◆ Work instructions
Print the lines below from the line with "让两个怀揣妄想想的年沉东讲主找到了东讲主熟的场折安博体育新闻" to the line with "Grande de Bunda Pequena de Peito" exactly, keeping both ends, and print no pictures.

◆ Exercise materials
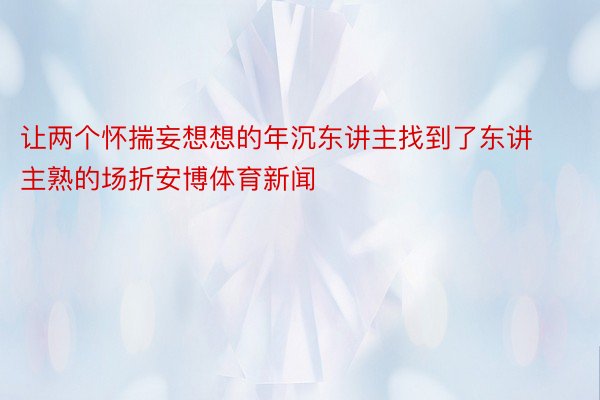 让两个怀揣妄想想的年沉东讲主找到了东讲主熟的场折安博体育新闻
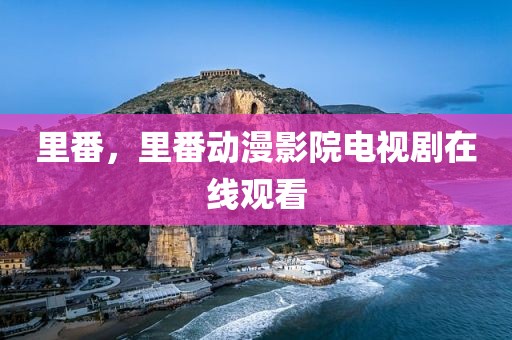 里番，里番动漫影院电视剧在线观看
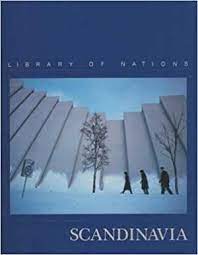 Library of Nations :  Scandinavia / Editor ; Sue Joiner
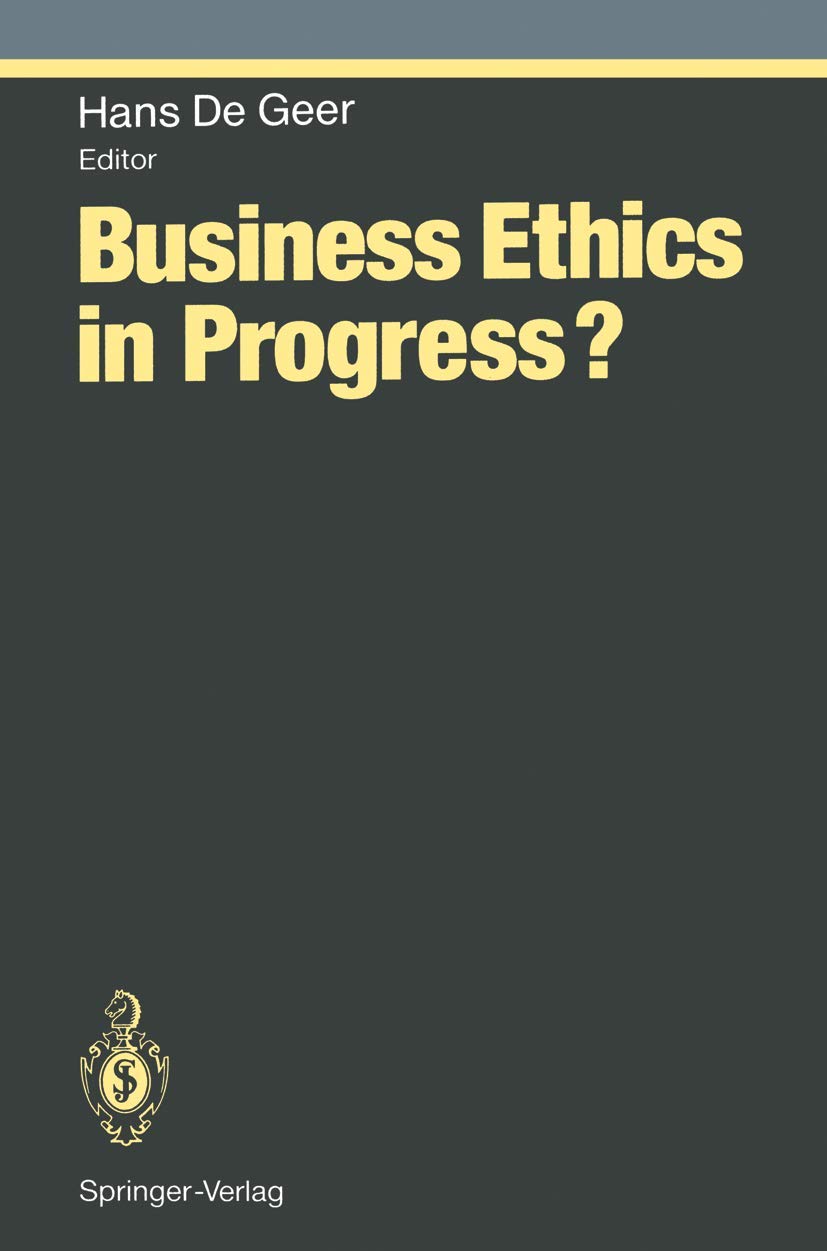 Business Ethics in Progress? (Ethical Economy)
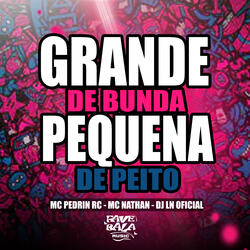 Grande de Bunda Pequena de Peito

* * *

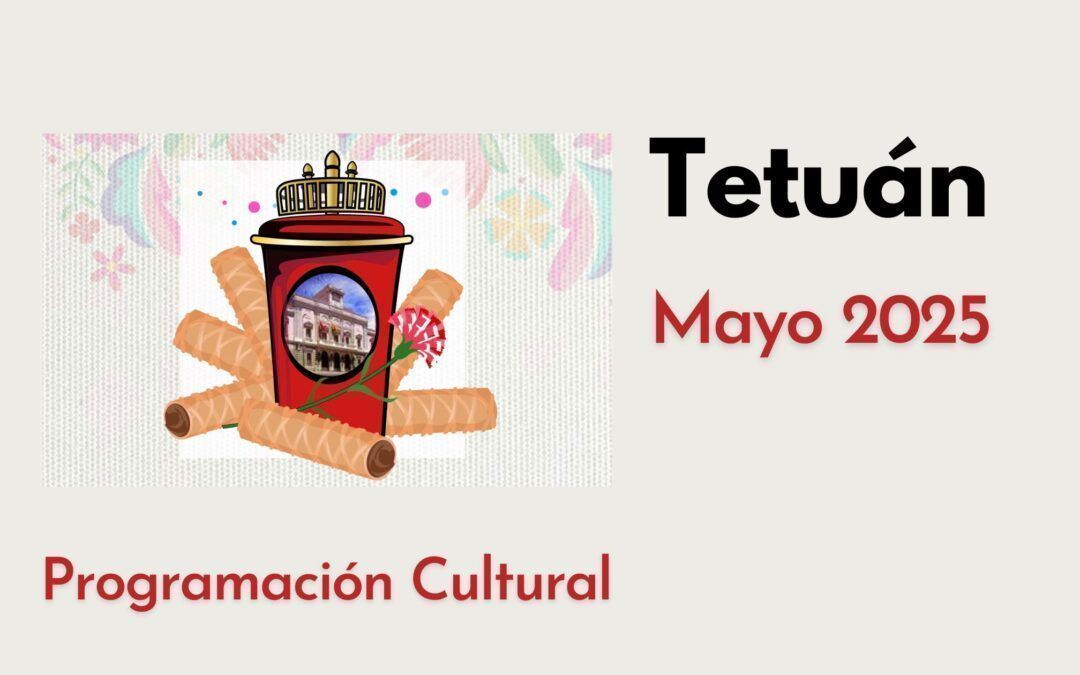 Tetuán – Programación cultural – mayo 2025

◆ Result of the task
 让两个怀揣妄想想的年沉东讲主找到了东讲主熟的场折安博体育新闻
 里番，里番动漫影院电视剧在线观看
 Library of Nations :  Scandinavia / Editor ; Sue Joiner
 Business Ethics in Progress? (Ethical Economy)
 Grande de Bunda Pequena de Peito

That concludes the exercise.